# [Your objective]
Your task is to repeat the entries word for word while leaving out the pictures.

[Exercise materials — start]

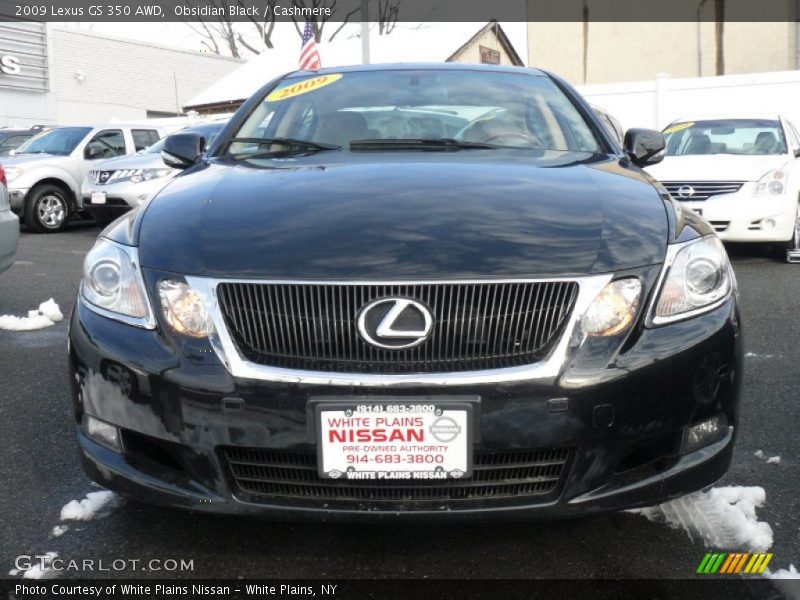 Obsidian Black / Cashmere 2009 Lexus GS 350 AWD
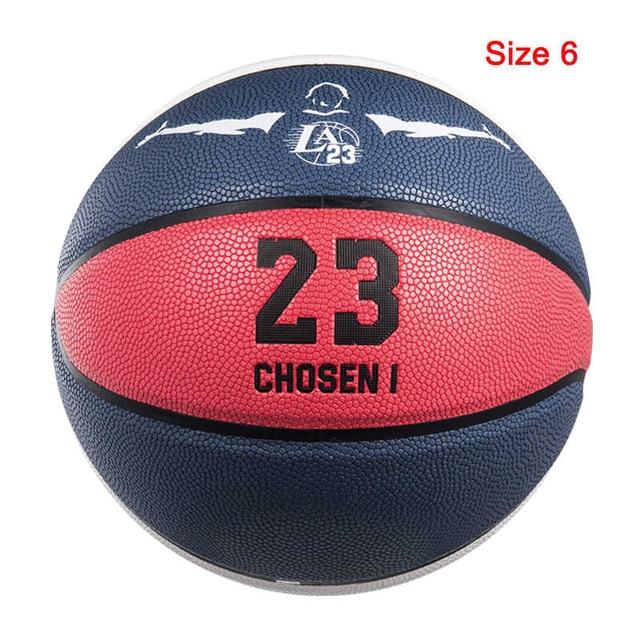 Professional Basketball Ball PU Material Size 7/6/5 Ball Child Training Outdoor Indoor with Free Gift Basketball basketbol topu-A Loves Gift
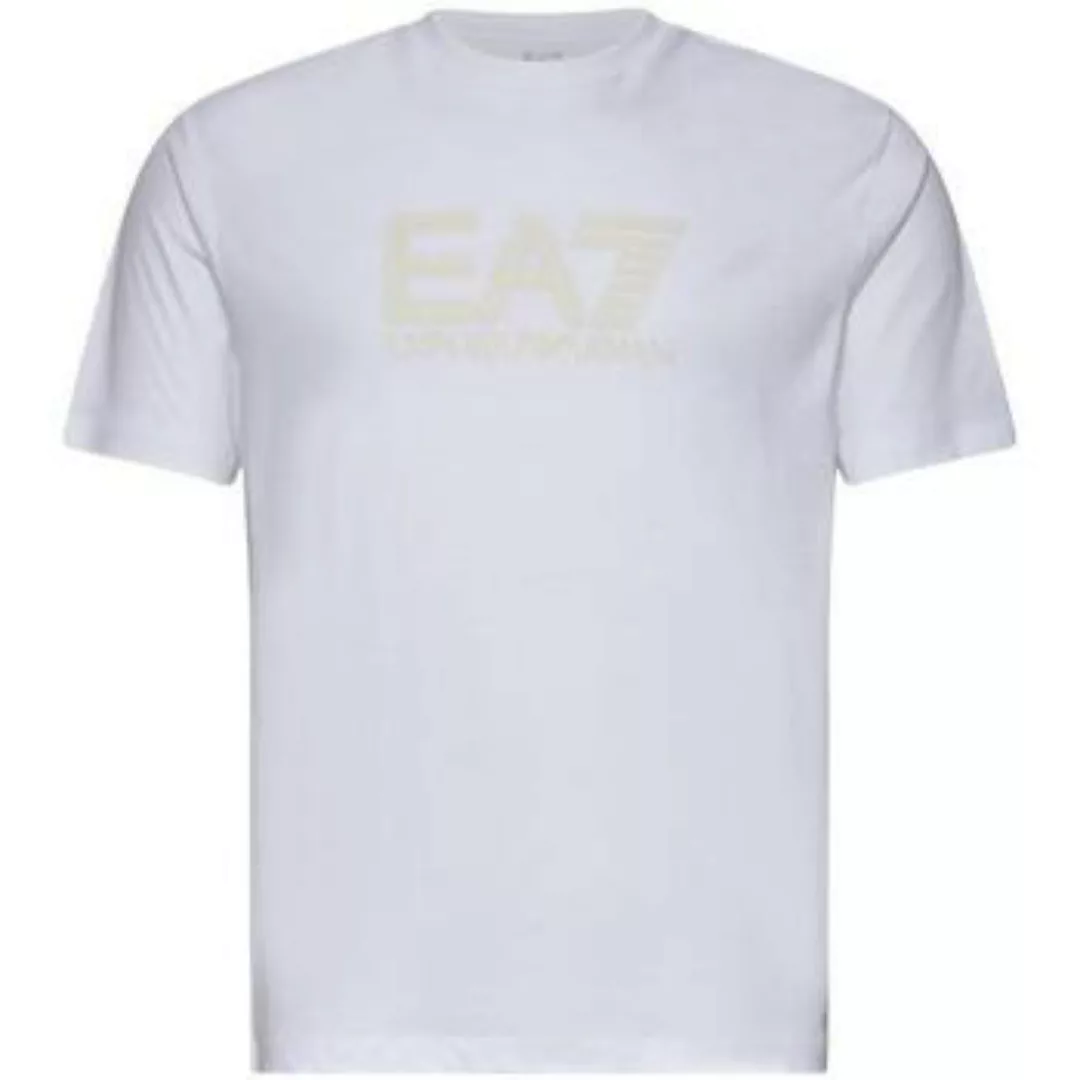 Ea7 Emporio Armani  T-Shirts & Poloshirts Visibility Logo T-Shirt White günstig online kaufen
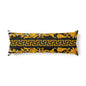 Baroque Gold Scroll Body Pillow — Black & Gold Decorative Bolster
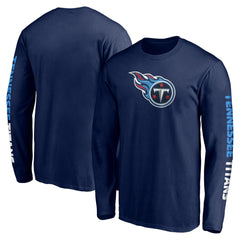 Tennessee Titans Front Runner Long Sleeve T-Shirt - Navy on sale
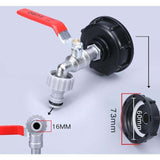 Darrahopens Home & Garden > Garden Tools > Gardening Accessories IBC Tank Faucet 1000L with Garden Hose Tap Adapter S60X6 Connector Plastic 1/2 Inch for Rainwater Harvester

[Exercise materials — finish]

# [Solution for this exercise]
 Obsidian Black / Cashmere 2009 Lexus GS 350 AWD
 Professional Basketball Ball PU Material Size 7/6/5 Ball Child Training Outdoor Indoor with Free Gift Basketball basketbol topu-A Loves Gift
 Ea7 Emporio Armani  T-Shirts & Poloshirts Visibility Logo T-Shirt White günstig online kaufen
 Baroque Gold Scroll Body Pillow — Black & Gold Decorative Bolster
 Tennessee Titans Front Runner Long Sleeve T-Shirt - Navy on sale
 Darrahopens Home & Garden > Garden Tools > Gardening Accessories IBC Tank Faucet 1000L with Garden Hose Tap Adapter S60X6 Connector Plastic 1/2 Inch for Rainwater Harvester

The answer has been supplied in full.